Brother-in-law Bernie Woolfrey ran up the idea of a lagerphone contest and Pearse applied his tradie’s nous with a few bits of pipe and duct tape to threw himself into the fray.
“I decided to gain an advantage over my worthy opponents by creating my own, made out of a didge with lagerphone attached and an Irish bodhran and a harmonica. I added a whistle on one night,” Pearse told the Independent.
“I made the lagerphone myself with the bottle tops nailed to a couple of pieces of ply.
“I realised there’s not many songs you can do on didgi-bodhran-lager-harp so, being an ideas man, I wrote one and I called it The Didgi-Bodhran-Lager-Harp Song because, like I told you, I’m an ideas man.”
The competition was fierce, Pearse related. The prize was a lagerphone master-crafted by Woolfrey.
But it wasn’t destined to be his.
“For some reason Kath, being a judge, disqualified me. I didn’t win it, I was never going to win it – one of the kids did.”
When not fashioning musical aberrations, Pearse works on a collection of short stories.
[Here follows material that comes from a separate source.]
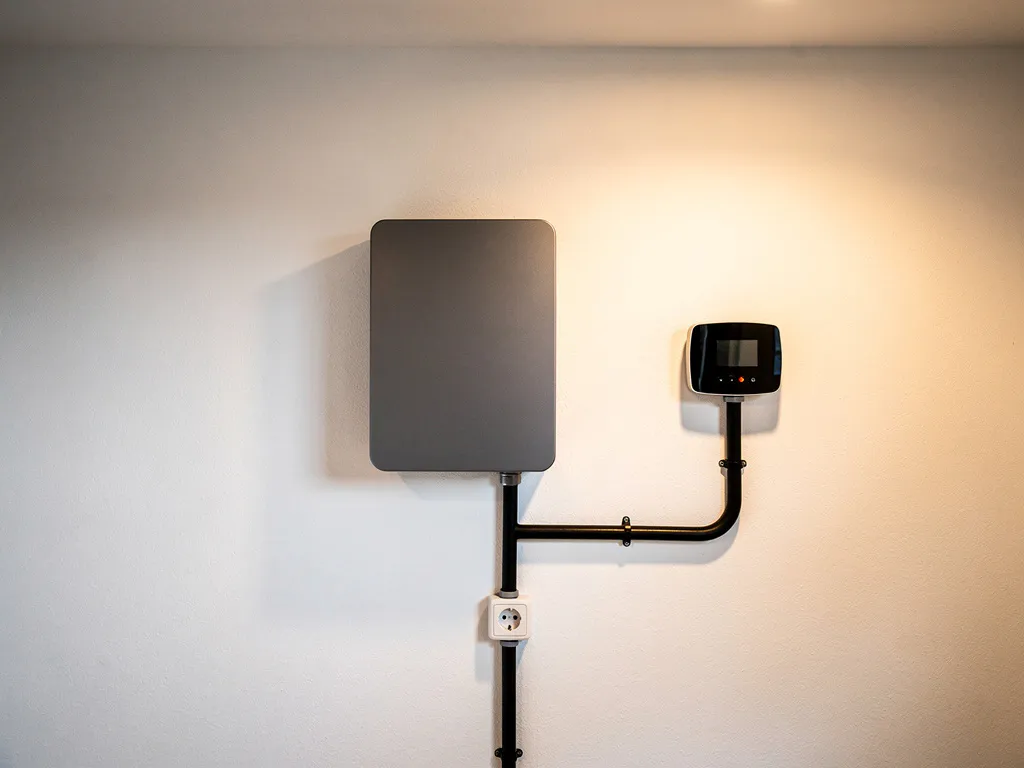 Wandgemonteerde thuisbatterij aangesloten op stroomnet in moderne Nederlandse meterkast, met slimme energiemeter en warme binnenverlichting.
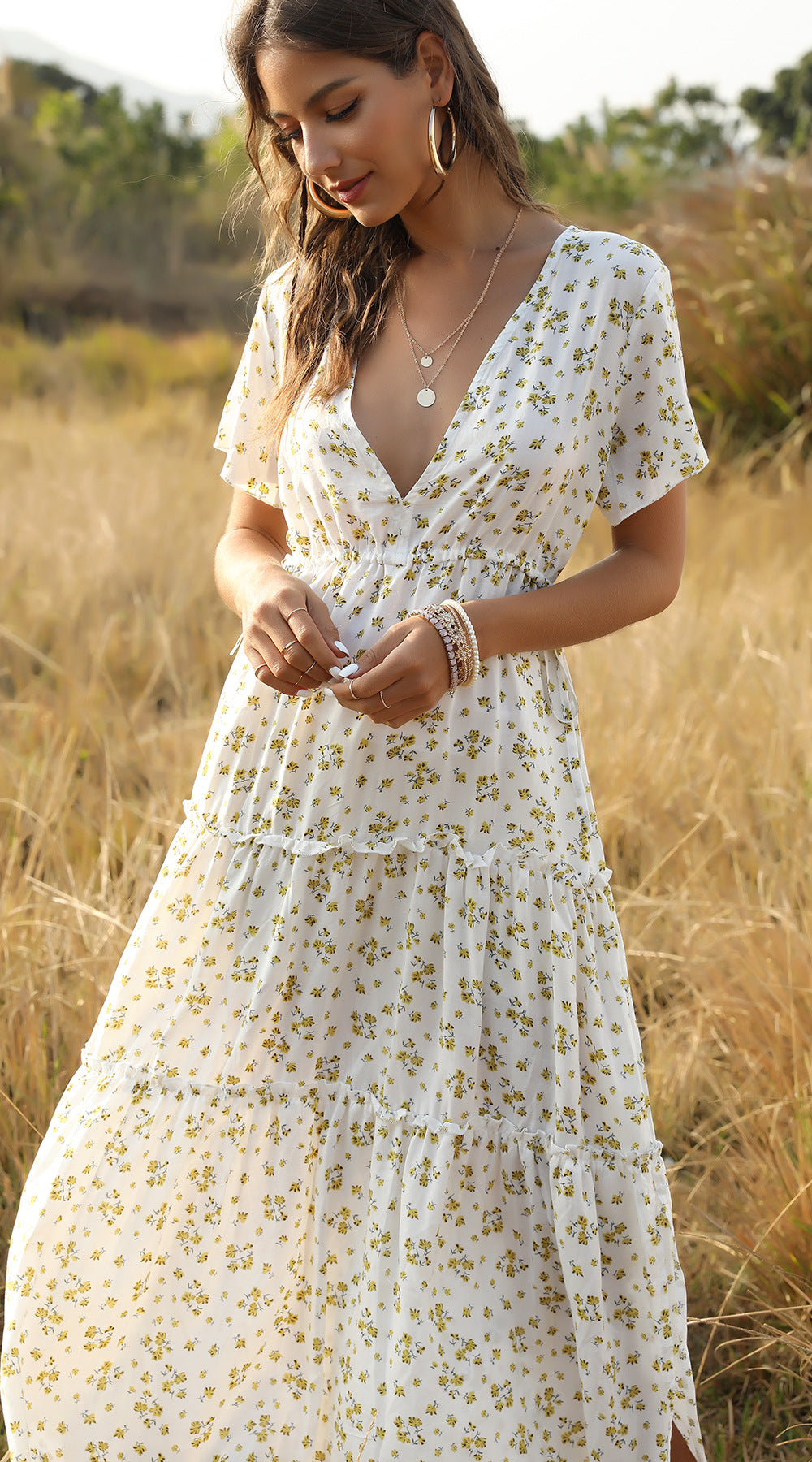 Bohemian Ruffled V-Neck Floral Maxi Dress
He’s pretty mum about them for the time being but offered a little about one yarn, involving himself and mates in their early 20s renting a house without a shower.
Footy training and games provided a wash four times a week but three days of BO prompted them to join a basketball side to sweeten their armpits earlier in the week.
“We couldn’t play to save ourselves,” he admitted.
It might not be Shakespeare just yet but there’s sure to plenty of Aussie grit and humour.
As for his didgi-bodhran whatsit, it’s available for use by the punters who frequent Pearse’s local watering hole, the Valley Inn Hotel.
But there’s a catch.
“Yeah, sure, anyone can have a go on it but it’ll cost them a beer,” he said.